# ME or Tien?? sorry Mike



## KdubL (Jul 7, 2005)

Tien is way to expensive but ME's front struts are somewhat affordable...I have the AGX B13 front and B14 rear, but want to lower front a tad bit more. I plan on keeping AGX's on the rear. Stupin ? I know but cant decide. Help!


----------



## ReVerm (Jan 13, 2003)

KdubL said:


> Tien is way to expensive but ME's front struts are somewhat affordable...I have the AGX B13 front and B14 rear, but want to lower front a tad bit more. I plan on keeping AGX's on the rear. Stupin ? I know but cant decide. Help!


I wouldn't leave the AGX's in the rear if you get Tein front dampers (especially since you can only get their coil-over dampers in the US and they come in sets of four). Also be warned though that you may have a difficult time getting ME struts now that Mike Saiki has decided to discontinue most of his suspension products.


----------



## scrappy (Jun 30, 2002)

Last time I heard he said for a higher price he would still specialy make the shortened struts for coilovers this was a while ago, but still after he discontiued them.

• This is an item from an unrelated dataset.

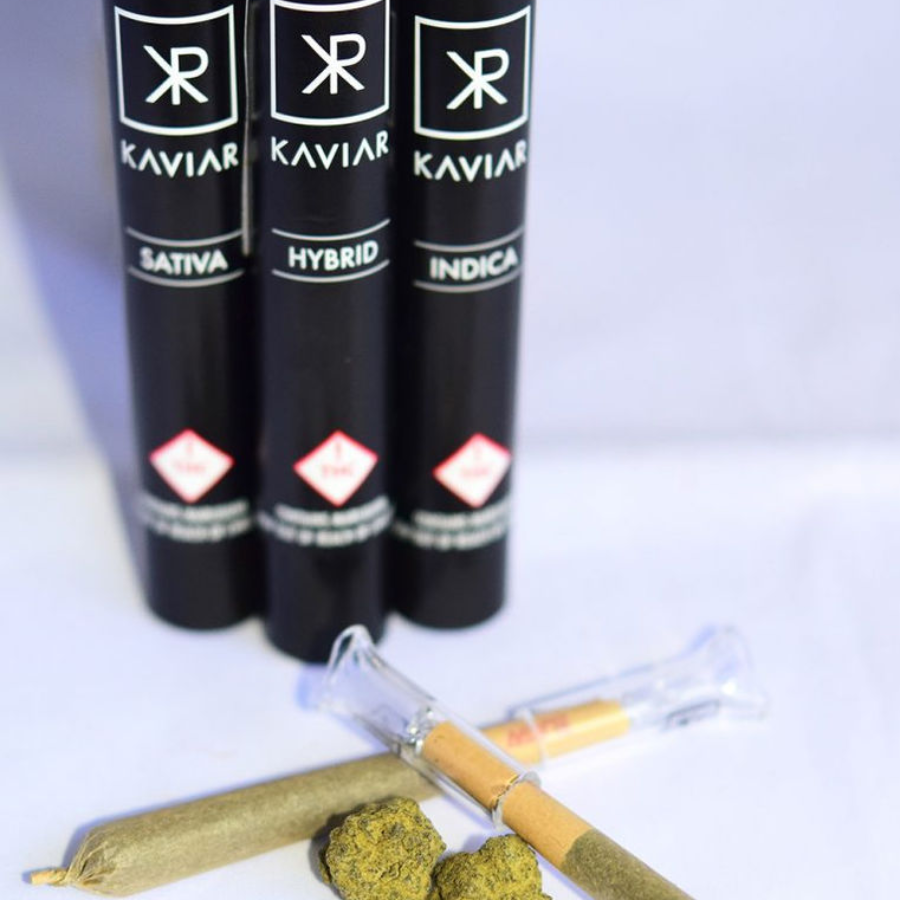 Photograph of Product: Kaviar Infused Pre-Roll Royal Flush (H)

So now you might have to get a group buy going like they do on the shock mounts


----------



## pete? (Jul 6, 2004)

there is a member on sr20forum (member name is "98sr20ve" real name is steve) that still makes them for our cars and cheaper as well. you supply him with the blown shocks and he cuts them, guts them, and installs the new koni inserts.

click this link and it will answer all you need to do.

steve also posted a link to a way to DIY the inserts yourself.


----------



## KdubL (Jul 7, 2005)

> I wouldn't leave the AGX's in the rear if you get Tein front dampers (especially since you can only get their coil-over dampers in the US and they come in sets of four). Also be warned though that you may have a difficult time getting ME struts now that Mike Saiki has decided to discontinue most of his suspension products.



I was trying to save $$$$ by doing this, but I may have to come out of pocket. I just contacted Mike at ME and he stated he will be discontinuing all Nissan products...not sure when. If I have the money I may pick up the ME setup. Thanks guys


----------